I enjoyed sitting down with this book over a span of several days. I was always eager to get back and see what Garrison was up to or what setbacks he was suffering.
Lots of history, lots of family love, lots to be proud of. A truly outstanding American character was William Lloyd Garrison.
When he began his crusade, slavery was accepted, and most people thought it was here to stay. Garrsison was a voice crying in the dark. When he closed down The Liberator, slavery was over, and the vast majority of the country thought it was wrong.
Anyone who reads, anyone who fights for social justice, and certainly anyone who writes should read this book. It is hard to imagine anyone whose life reflects the axiom: "the pen is mightier than the sword" better than Garrison.

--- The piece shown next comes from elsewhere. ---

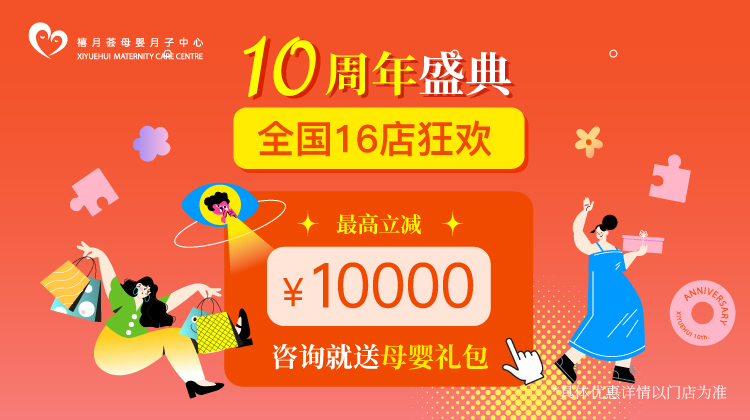 十周年盛典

Mayer shows Garrison's commitment and diligence in what must have appeared initially a hopeless cause. Over the course of decades, Garrison and his colleagues, many of them the first women to be important figures in American politics, were significant factors in the transformation of Northern political opinion. Mayer is particularly good on important and interesting aspects of Garrison's life and the abolitionist movement. Garrison aimed at a moral, not political transformation of American life. His moral perfectionism drove his pacifism, his skepticism towards the established churches that he saw as compromising with evil, and his suspicion of conventional politics. Garrison's famous attack on the Constitution and advocacy of peaceful disunion was a logical result of his perfectionism. Garrison's life, which included participation in spiritualism and anti-sabbatarianism, was in some respects a characteristic manifestation of the radical religious experimentation of 19th century American life. Mayer also narrates the complex internal politics of the anti-slavery movement quite well.

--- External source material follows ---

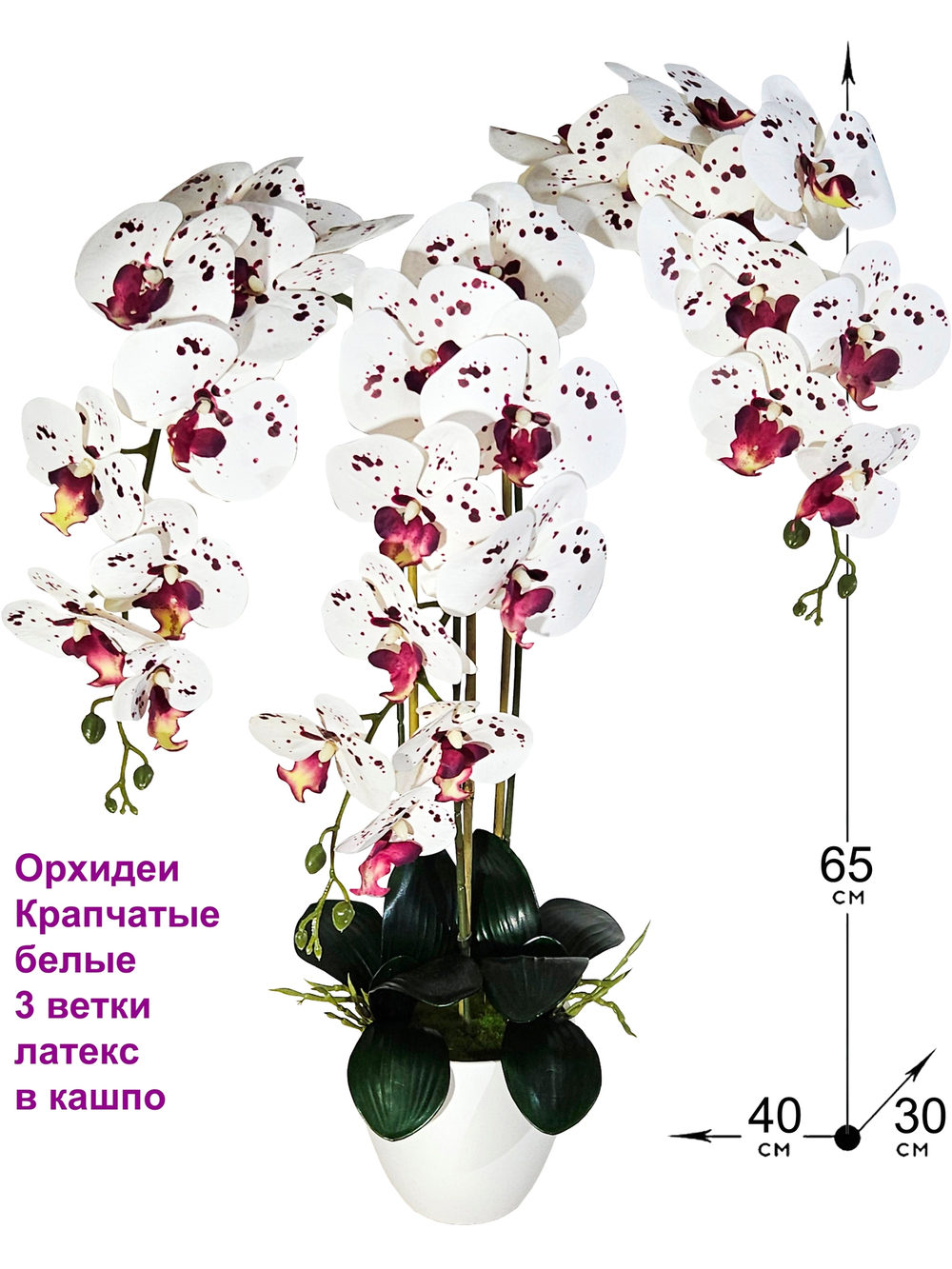 Искусственные Орхидеи Крапчатые белые 3 ветки латекс в кашпо, 65см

Garrison was not, however, dogmatic. With the outbreak of the Civil War, the life long pacifist supported the Republican government. He saw the war correctly as an opportunity for emancipation. Initially quite skeptical of Lincoln, over the course of the war, he became a de facto Radical Republican. He was, however, deeply disappointed by the failure of Reconstruction and the collapse of the Republican commitment to equal rights for African-Americans. His reputation suffered after the war as an increasingly conservative and racist America came to view abolitionist "fanaticism" as one of the causes of the war.
While this is an excellent biography, I think there is at least one point that Mayer gets wrong. He emphasizes Garrison's role in the gradual transformation of Northern opinion towards slavery. I suspect this is correct but incomplete. In some ways, Garrison's most important audience was not in the North but in the South. Garrison and other abolitionists were regarded with actual fear by many Southerners. The greatest act of censorship in American history was the ban, enforced by the Federal government, on circulation of abolitionist publications in the South. Abolitionists were a fringe political movement in the North but apparently frightened Southerners in a manner out of proportion to their actual influence. Southern insecurity about their Peculiar Institution drove much of the relatively aggressive political behavior of Southern politicians, leading to increasing resentment on the part of the Northern public. The transformation of Northern political opinion was partly an ironic result of abolitionist activities.
--The author shows how the womens' sufferage movement arose from the antislavery movement;
--the author demonstrates at length the difficult relationship between the abolitionist movement and the Repbulican Party. This reminded me a bit of the 20th Century's ideological fights between Communists and Socialists.
--And he ties Garrison in with the tradition of witness and agitation found more famously in Gandhi and Martin Luther King, Jr.
Finally, by tracing Garrison's life this biography explains how antislavery sentiment arose first in Quakers and evangelical Christians. It took years for them to get the "nice" people interested in abolition. The aspect of class in the North and abolition was new to me.